I was recently talking about twelfth-parts with a fellow astrologer so I decided to do a post, as this is one of my favourite sub-techniques that gives some subtle but meaningful information.
The twelfth-parts are a way of dividing up each 30-degree zodiac sign into 12 equal segments of 2.5 degrees each, with each part being ruled by a different sign. It’s a type of subdivision similar to decans/faces and bounds, in that the sign is broken down into smaller portions that have different rulerships.
I first learned about twelfth-parts when I was studying at Kepler, though the teacher referred to them as dwadasamsas. This is a term from Jyotish (Vedic or Indian astrology) and is often shortened to dwad (sometimes spelled duad). The Greeks called this subdivision the dodekatemoria.
It was actually only in the last couple days, as I was working on this post, that I realized dwads are the same thing as twelfth-parts – and that I much prefer using the Hellenistic term instead of the Jyotish term since I’m not a Vedic astrologer.
Twelfth-parts/dwadasamsas/dodekatemoria are a very old technique dating back to at least Mesopotamia. In each sign, the first twelfth-part is ruled by that same sign, and the rest of the parts proceed in zodiacal order from there. In this way, each sign contains a microcosm of the entire zodiac. As above, so below.
Here’s a handy reference table showing the twelfth-parts for each sign:
In Western astrology, twelfth-parts are used mainly to give additional meaning to the interpretation of an angle or planet in natal astrology – especially the Ascendant degree. You can think of the twelfth-part as a subtle colouring of that particular sign; an extra infusion of nuance to its main associations. A twelfth-part will never override the main significations of the overall sign, but it can add some extra distinction and complexity.

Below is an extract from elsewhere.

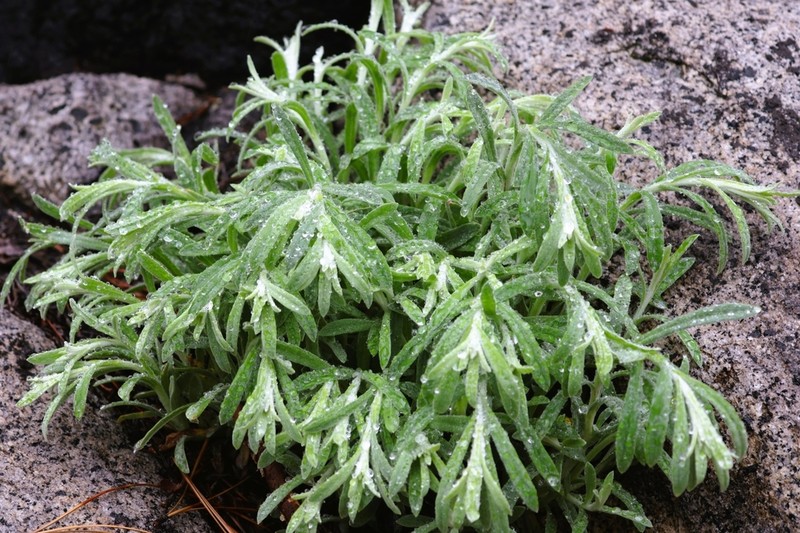 Rock Fleabane photo 5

For example, my Ascendant is at 22°23’ Taurus. That means my Ascendant is in the Capricorn twelfth-part of Taurus. So, I’ve got a little Capricorn flavour to my Ascendant. Taurus is always going to be most prominent, but I’ve got a Capricorn vibe underneath all that bull energy. This describes me fairly well – both Capricorn and Taurus are earth signs, so this makes me extra earthy (yep), and it also infuses my Venusian Ascendant with some Saturnian sternness and responsibility. I love to indulge in good food and wine (very Taurus!) but it’s also important for me to maintain a steady day job in order to finance my indulgences (very Capricorn!).
You should also consider the ruling planet of the twelfth-part and how it operates within the chart as well as where it is located, for additional clues into how it might influence that angle/planet.

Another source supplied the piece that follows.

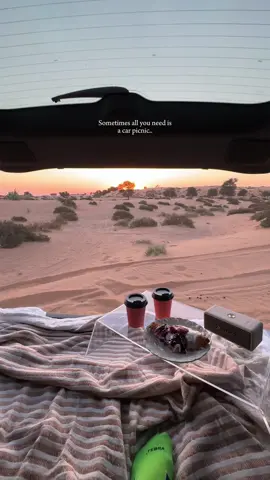 Car picnic is always a great idea!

For example, Capricorn is my ninth house so it’s trine my Ascendant, and I’ve got Jupiter and my Midheaven degree there. So, that suggests ninth house topics like higher education and spirituality are important to my sense of self, and there’s a sense of abundance and fertility in these areas thanks to Jupiter’s presence in Capricorn natally, and the smooth-flowing trine aspect – and indeed that all tracks very nicely for me.
Twelfth-parts aren’t the first thing I will go to in a chart (or even the second or third). Once I’m really familiar with a chart, however, it’s fun to look up a list of the twelfth-parts for each planet/angle and see if there are any repetitions or other interesting patterns.

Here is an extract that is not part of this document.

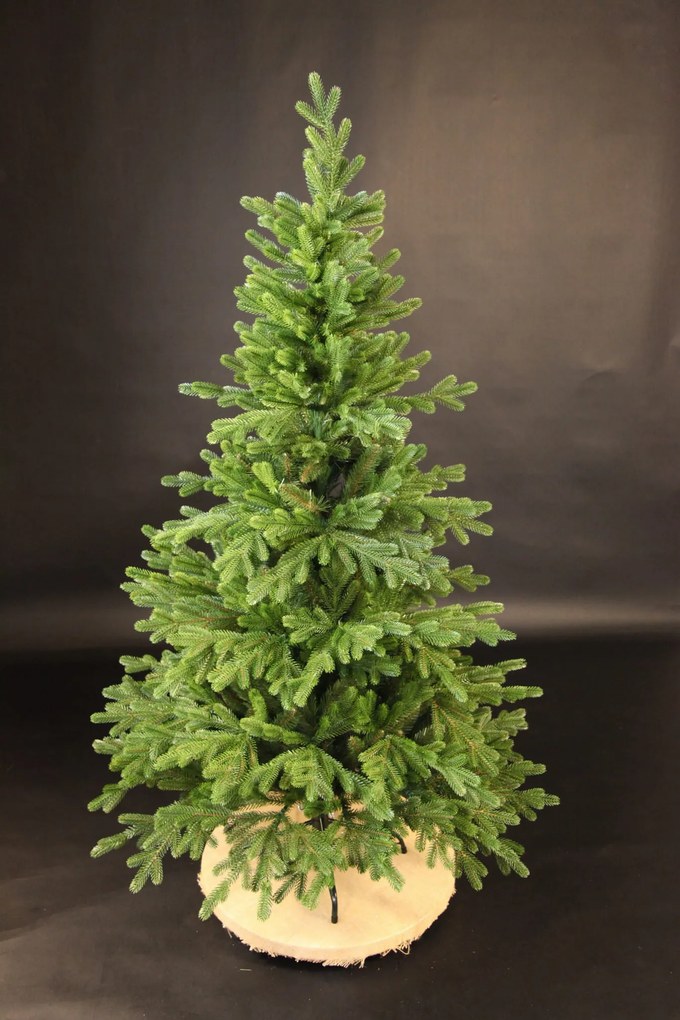 Smrek Tirolský 3D- 170cm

I have found that twelfth-parts can also help explain some of the more idiosyncratic expressions of a particular sign. My husband is a Virgo rising, but his Ascendant degree is in the Sagittarius twelfth-part of Virgo, which helps explain why he doesn’t quite fit the typically Virgoan characteristics.
And as we were workshopping his comic about twelfth-parts, he literally came up with this – Virgo-Sagittarius – as an example of a weird twelfth-part combo without realizing that this was literally him.
I also like using twelfth-parts with twin charts. Because twelfth-parts span only 2.5 degrees, and because the Ascendant degree moves so fast (about one degree every four minutes), even twins who are born only a few minutes apart will usually have Ascendant degrees in different twelfth-parts. This can give some better nuance to charts that are almost totally the same otherwise.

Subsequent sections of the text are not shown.